The owners of the Cass Corridor's Tom Boy Market spoke with John Carisle, known in this newspaper at Detroitblogger John, for a 2009 column. - DETROITBLOGGER JOHN
  • Detroitblogger John
  • The owners of the Cass Corridor's Tom Boy Market spoke with John Carisle, known in this newspaper at Detroitblogger John, for a 2009 column.

Upon hearing news that Tom Boy Market on Cass Avenue has been sold to make way for a "high-end retail shop," Curbed Detroit highlighted a 2009 column in this newspaper on the shop from John Carlisle, who wrote under the name Detroitblogger John. Carlisle, who now slings ink for the Detroit Free Press, wrote about the neighborhood surrounding Tom Boy, "home to the down-and-out and those who feed their habits. They all wound up here in the city's longtime Skid Row with others who are just ilke them. And many make their living in the Tom Boy paring lot.

Carlisle's piece takes you back only five years; when you consider that fact alone, it's rather remarkable to have witness how much change has taken place in the neighborhood Tom Boy is situated. As Sarah Cox points out on Curbed, Midtown now boasts Shinola watches, high-end clothing in Willy's, and more. New restaurants and businesses continue to open regularly in the area nearby. And just five years ago, this is the scene Carlisle soaked in:

Fifty-seven-year-old Panama Little lives in a nearby loft. He says the main difference between the pre- and post-Jitu scene here is how few prostitutes work this post now. "They'd actually stand on the corner half-naked," he says. "You could see the actual pubic hairs. Honestly."

Outside, the mob disperses quickly at the sight of Jitu standing in their midst. A prostitute wearing too much makeup leaps from her perch, walks over to an idling car, hops inside the passenger door in a hurry, gets kicked out by the driver, then finds herself standing there foolishly. "Can't I get a ride up in here?" she complains to nobody in particular. She paces aimlessly at a distance. Drug dealers hover along a self-imposed perimeter away from the store, staring as their post is momentarily disrupted.

An amused David Leak, 56, watches the spectacle. He's haggard, has few teeth and lives in a battered apartment a few blocks away. He professes love for the Patels. "I really hated them the first year, though, because they didn't have no beer," he says. (There was a liquor license transfer issue and the store was dry for a while.) "That was rough for me!" he yells.

Leak explains Tom Boy's allure to loiterers. "One thing, the canopy," he says. "Then you got that box to sit on," he gestures towards a newspaper box, "then you got these bars to sit on," he points to the metal grid that keeps customers from stealing shopping carts. "And then in a psychological sense it's preparing them for jail 'cause they already behind the bars," he says with a dry laugh.
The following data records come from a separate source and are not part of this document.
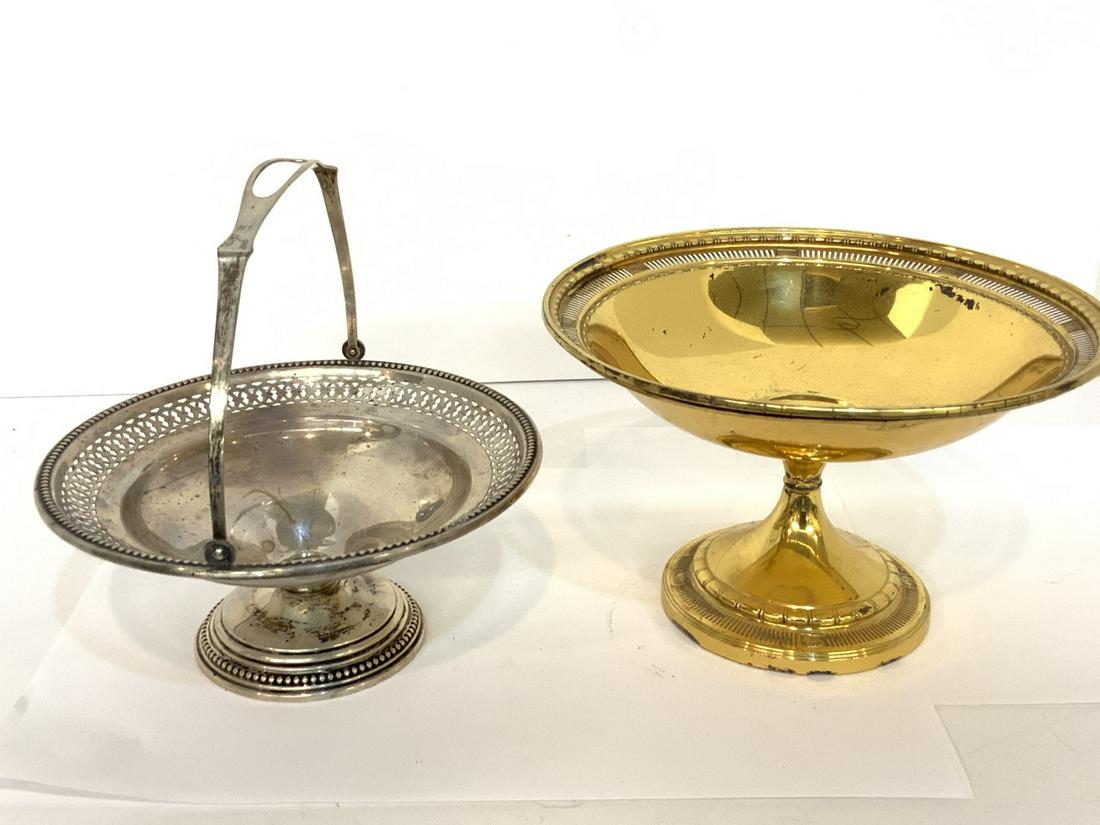 Weighted Sterling Silver Bowl And Basket (1 of 4)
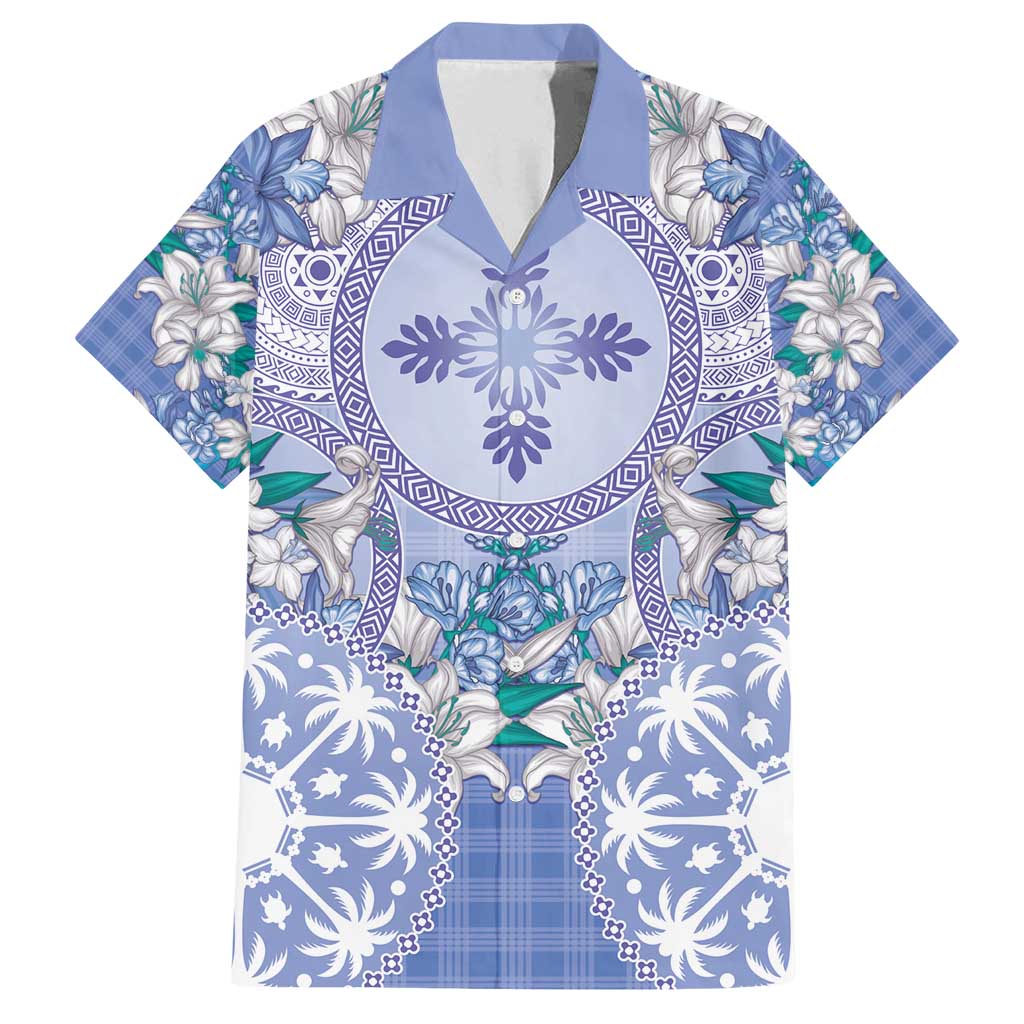 Hawaii Violet Palaka Family Matching Puletasi and Hawaiian Shirt With Tapa Pattern Tropical Flowers LT05 Dad's Shirt - Short Sleeve Violet - Polynesian Pride
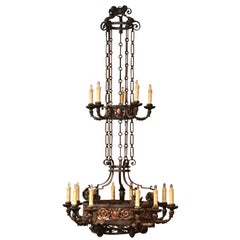 Antique 19th Century French Gothic Iron and Copper Two-Tier Fifteen Light Chandelier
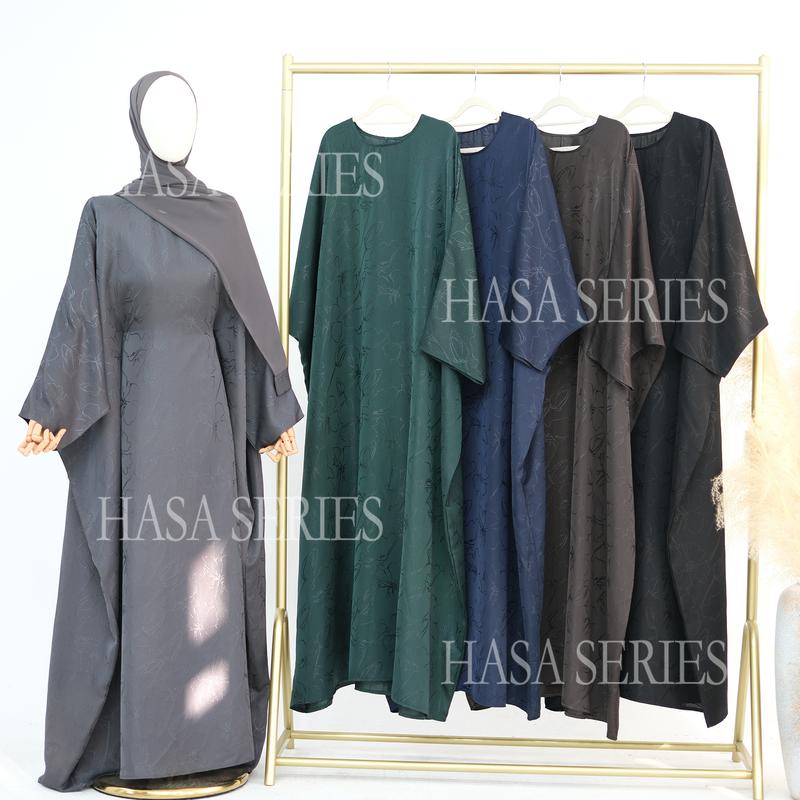 HASASERIES  HS5865 Elegant and Simple · Three-dimensional Jacquard Long Skirt Elegant Style Robe abaya girl 3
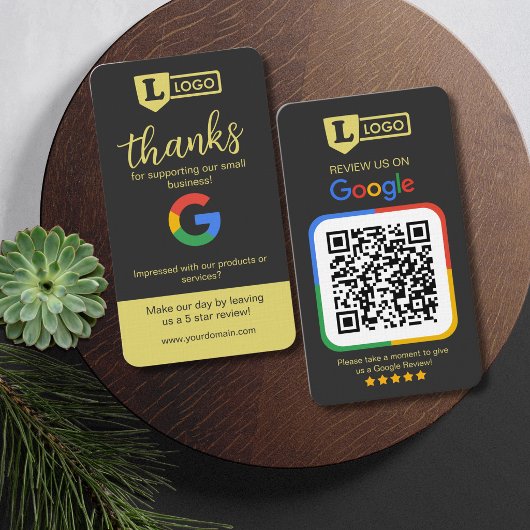 Google Review Business Cards with QR Code Charcoal 名刺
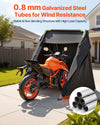 VEVOR Motorcycle Storage Shelter with Security Lock, 600D Oxford Flip-Up Garage Tent, Heavy-Duty All-Weather Motorcycle Cover with Ventilation Windows, 136x54x75 in Outdoor Vehicle Shelter, Black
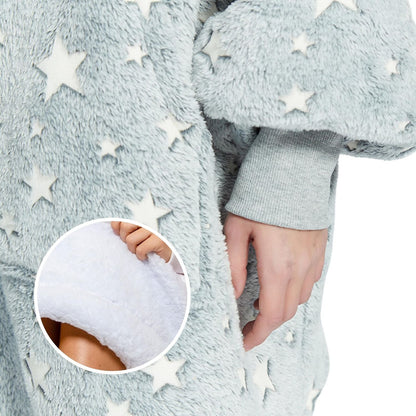 Glow in the Dark Kinder Hoodie Deken met Sterren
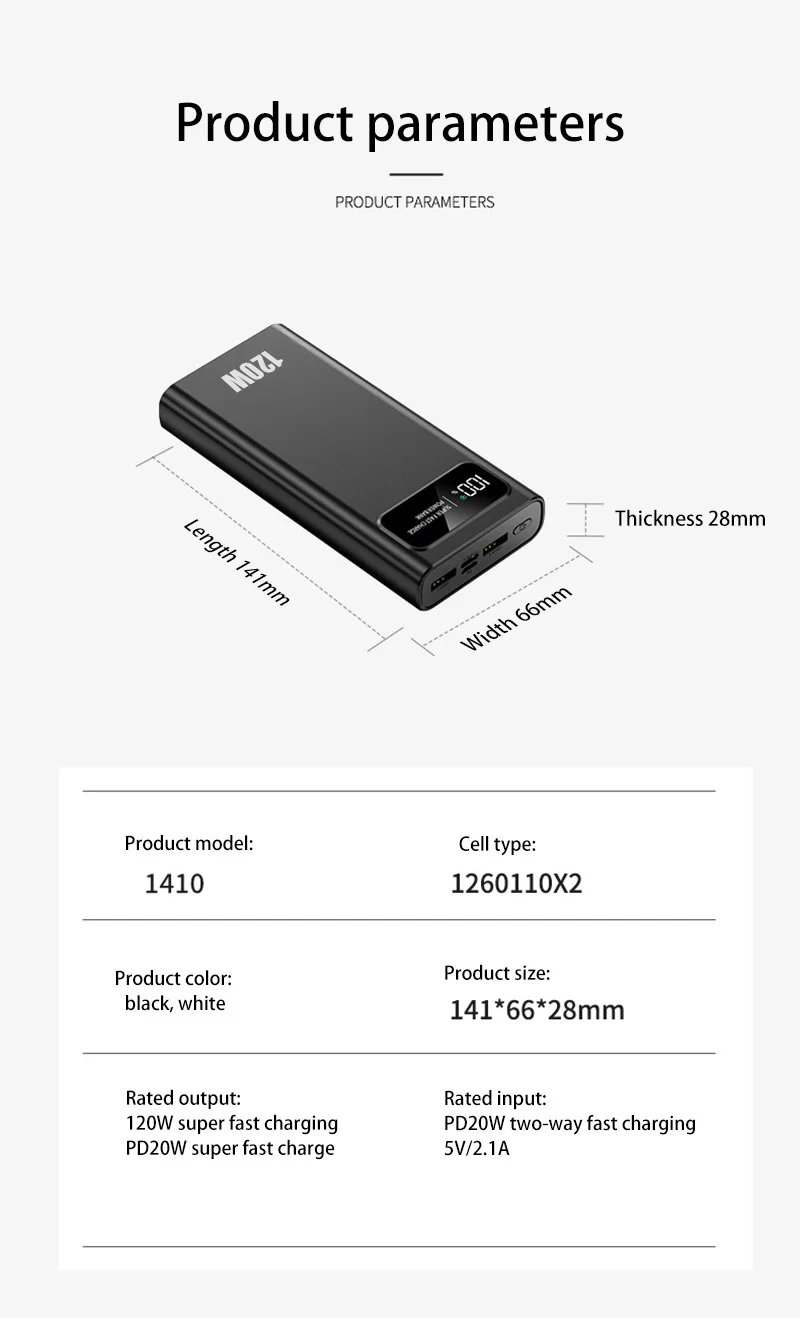 MSL 120W Power Bank - 20000mAh with Digital Display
For nearby low-income residents who shopped the grocery store, the loss of Tom Boy means they'll likely have to trek down to University Foods at the Lodge & Warren Ave.

Speaking with Steve Neavling at Motor City Muckraker, one resident said upon seeing a "closed" sign on the shop's door: "You got to be kidding me. What now? Where am I supposed to get food?" The resident told Neavling she couldn't afford to shop at the next closest grocery store: Whole Foods.